2.6 Extract of hub genes from DEGs and the hub module in WGCNA
39 candidate genes were screened out from the intersection of venn diagram between 3 set of DEGs and the greenyellow module in WGCNA (Figure 5). CCNB1 was chosen for the next research for the most significant P value. For further study, the protein–protein interaction (PPI) network was constructed among 39 candidate genes (string, https://string-db.org/), and Cytoscape software was applied to visualize the PPI network.
2.7 Verification of gene aberrant expression in UALCAN, GEPIA2, and HCMDB
UALCAN (http://ualcan.path.uab.edu/index.html) is a comprehensive web resource for analyzing cancer OMICS data with the use of TCGA and MET500 databases. In our study, CCNB1 expression data was obtained through ‘Expression Analysis’ module for the contrast of promoter methylation and gene overall expression level. Further stratified analysis based on gender, age, cancer stages, and histology was also conducted. Additionally, GEPIA2 (http://gepia2.cancer-pku.cn/) and Human Cancer Metastasis Database (HCMDB, http://hcmdb.i-sanger.com/index) analysis was performed to explore the differential expression of CCNB1 between normal tissues and ESCA tissues. GEPIA2 is based on CGA and the GTEx databases with a total of 84 cancer subtypes analysis. HCMDB is designed to examine gene expression of primary and metastasis tumour from 124 previously published transcriptome datasets from TCGA and GEO databases.
2.8 Survival analysis with Kaplan–Meier (KM) plotter database
KM plotter (http://kmplot.com/) was used to plot the overall survival status and estimate prognostic valve of CCNB1, which is an interactive website containing 54k genes impact data on survival of 21 cancer types. According to median gene expression level, all patients’ survival data was divided into two group: high expression group and low expression group. The P value was set < 0.05 to ensure statistically significance.

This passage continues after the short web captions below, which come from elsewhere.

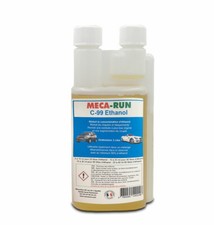 C99 ethanol E85 bioéthanol 1L MECARUN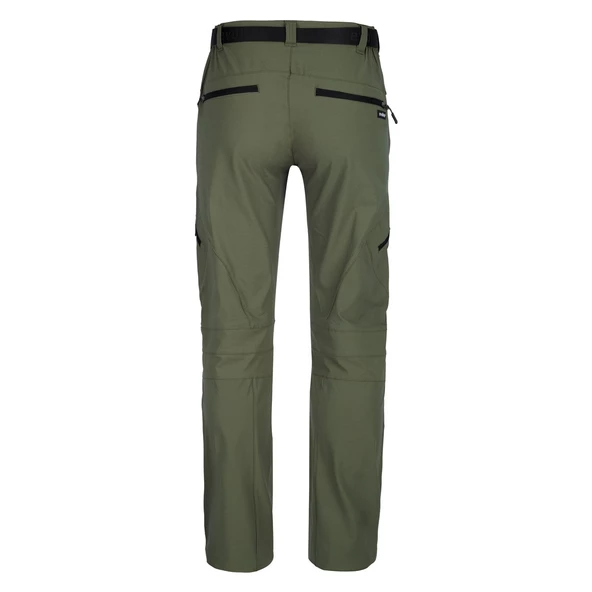 Evolite Relax Bay Outdoor Pantolon - Haki - Resim 2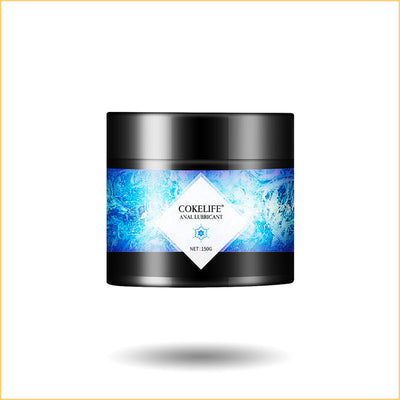 Cokelife Analgesic Ice Cold Feeling Cream 150g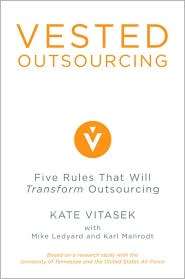   Outsourcing, (0230623174), Kate Vitasek, Textbooks   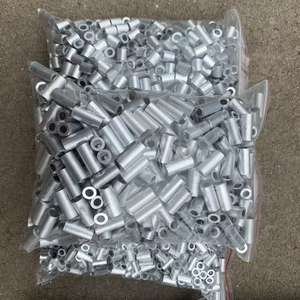 Tubo <span class=keywords><strong>Redondo</strong></span> de <span class=keywords><strong>Aluminio</strong></span> de Alta Calidad, Tubo <span class=keywords><strong>Redondo</strong></span> de Aleación de <span class=keywords><strong>Aluminio</strong></span> Personalizado 1100 3003 5052 6061 6063 7075 - Product Image 2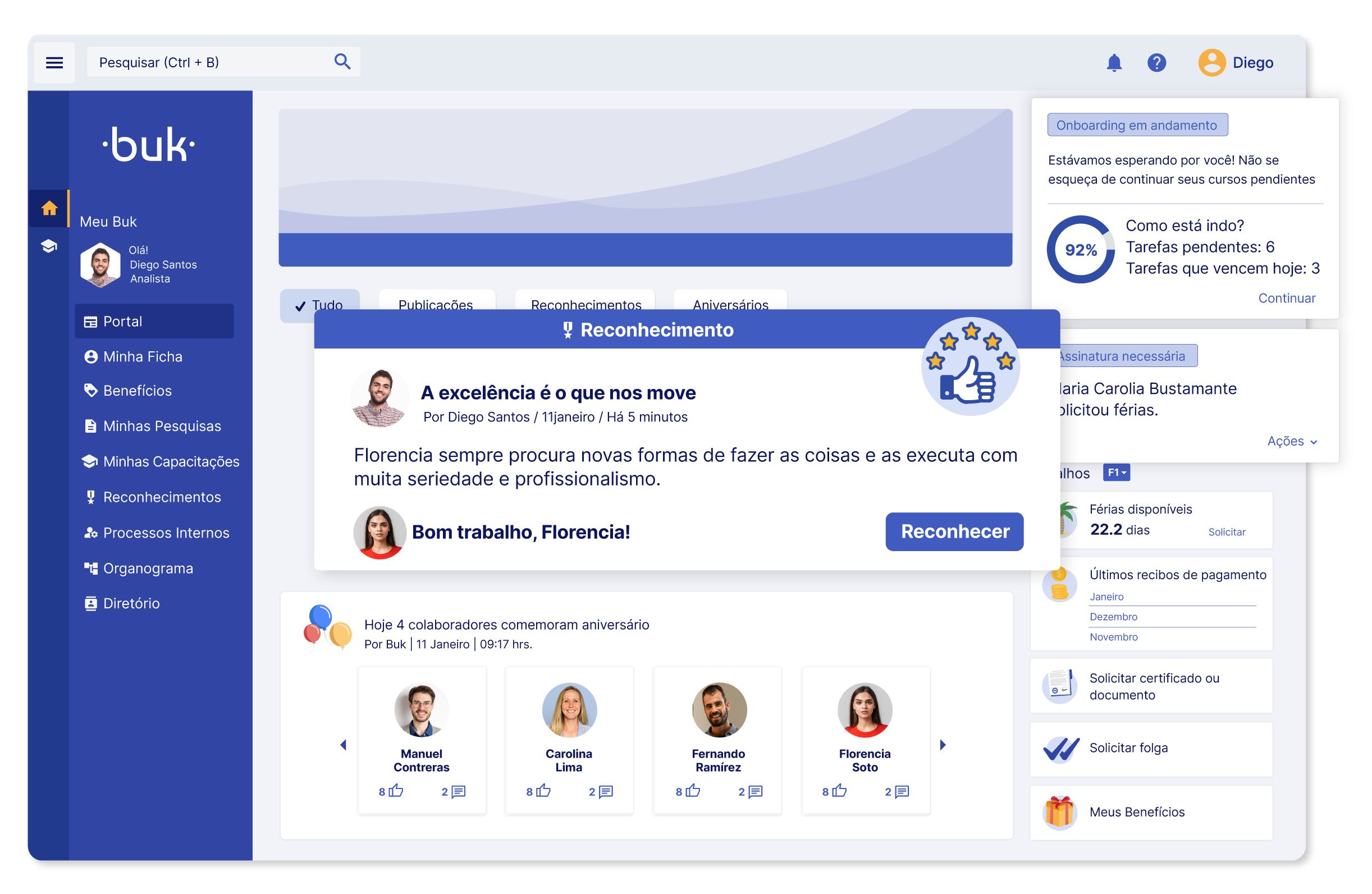 desarrollo-org-reconocimiento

2.9 Tumor infiltration analysis of TIMER database
TIMER database provides a systematical analysis of infiltrating abundances in 6 types of immune cells (B cells, CD4+ T cells, CD8+ T cells, neutrophils, macrophages, and dendritic cells) and the infiltration relevant clinical outcome. Hence, we adopted this method to research the tumor infiltration as well as the survival data on CCNB1.